%%

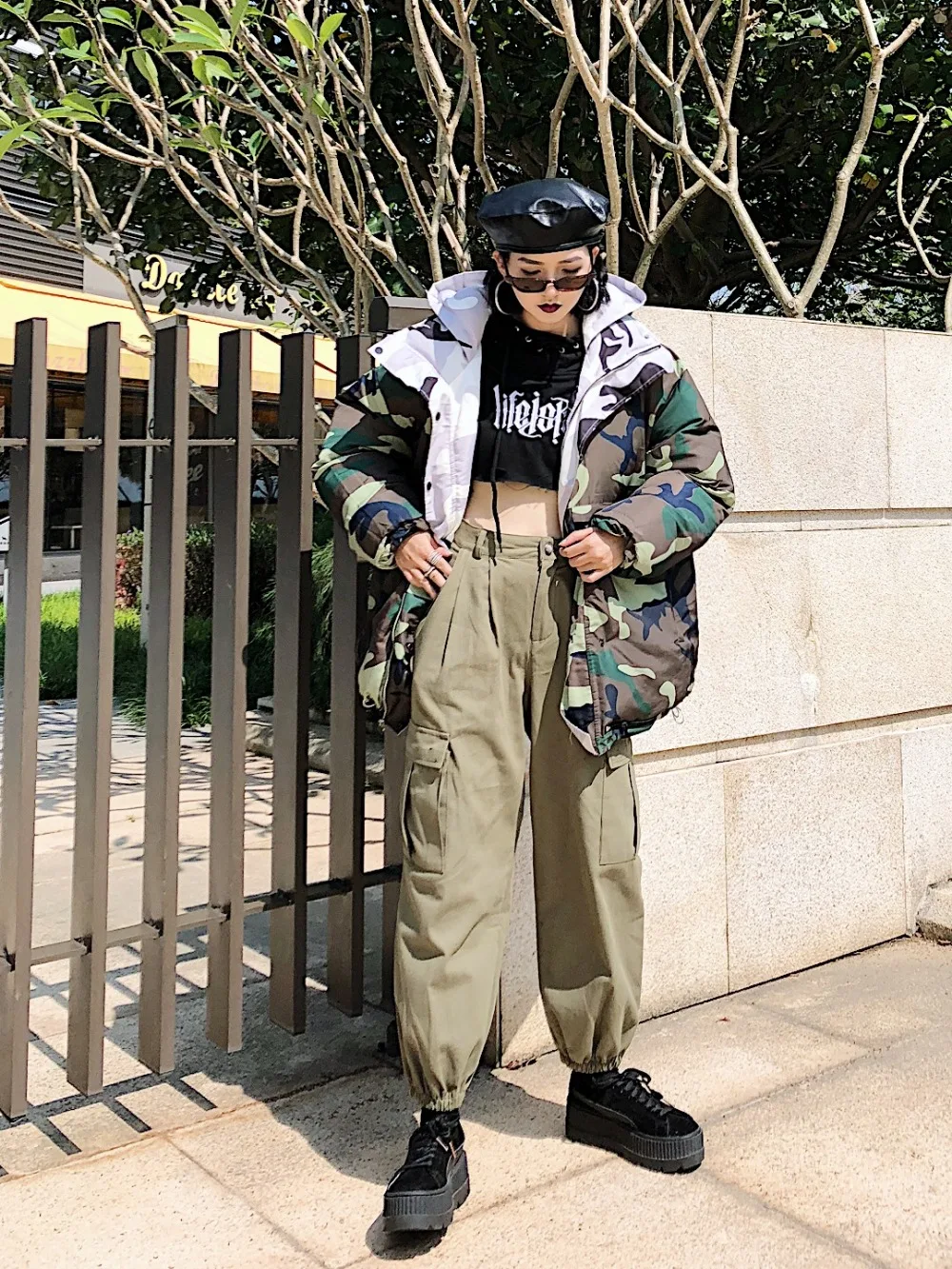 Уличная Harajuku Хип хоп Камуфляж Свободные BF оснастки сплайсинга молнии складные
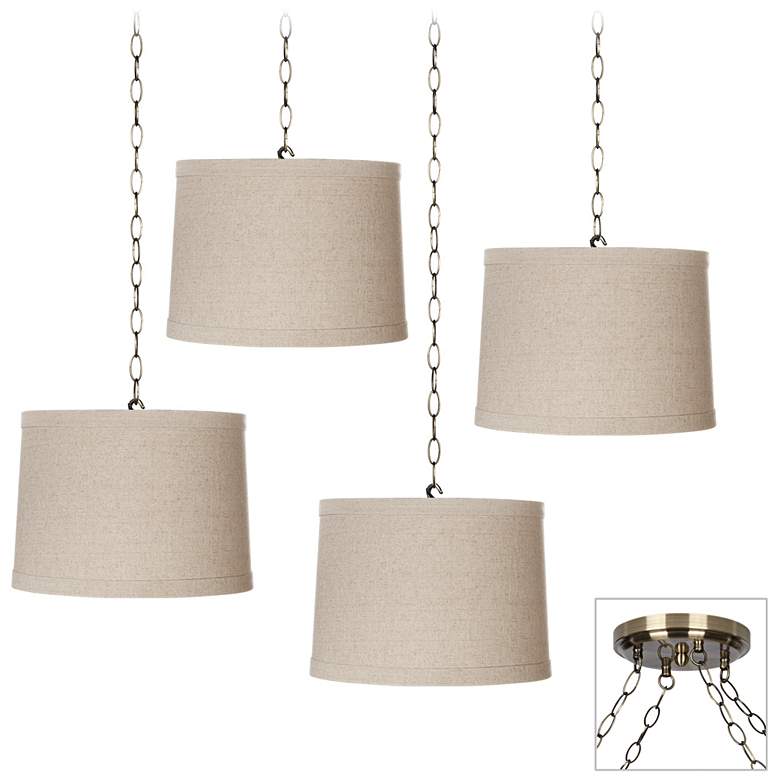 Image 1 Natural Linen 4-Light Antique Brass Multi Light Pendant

%%
%%

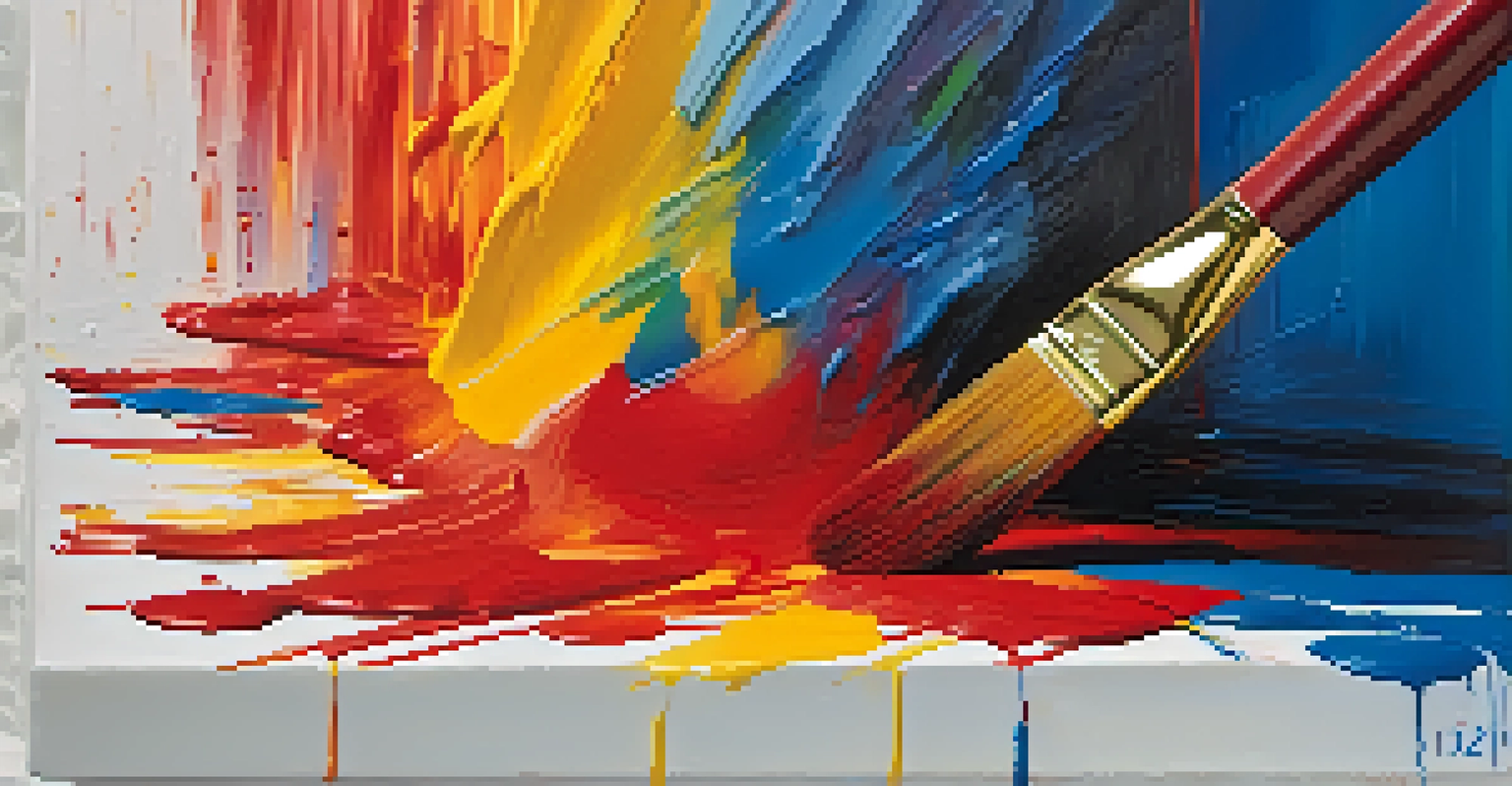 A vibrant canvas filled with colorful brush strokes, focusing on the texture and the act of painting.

%%

**What to produce:** How would the lines above read from the one with "Уличная Harajuku Хип" to the one with "Image 1 Natural", inclusive, with no pictures? Write them out exactly.

**Reply:**
 Уличная Harajuku Хип хоп Камуфляж Свободные BF оснастки сплайсинга молнии складные
 Image 1 Natural Linen 4-Light Antique Brass Multi Light Pendant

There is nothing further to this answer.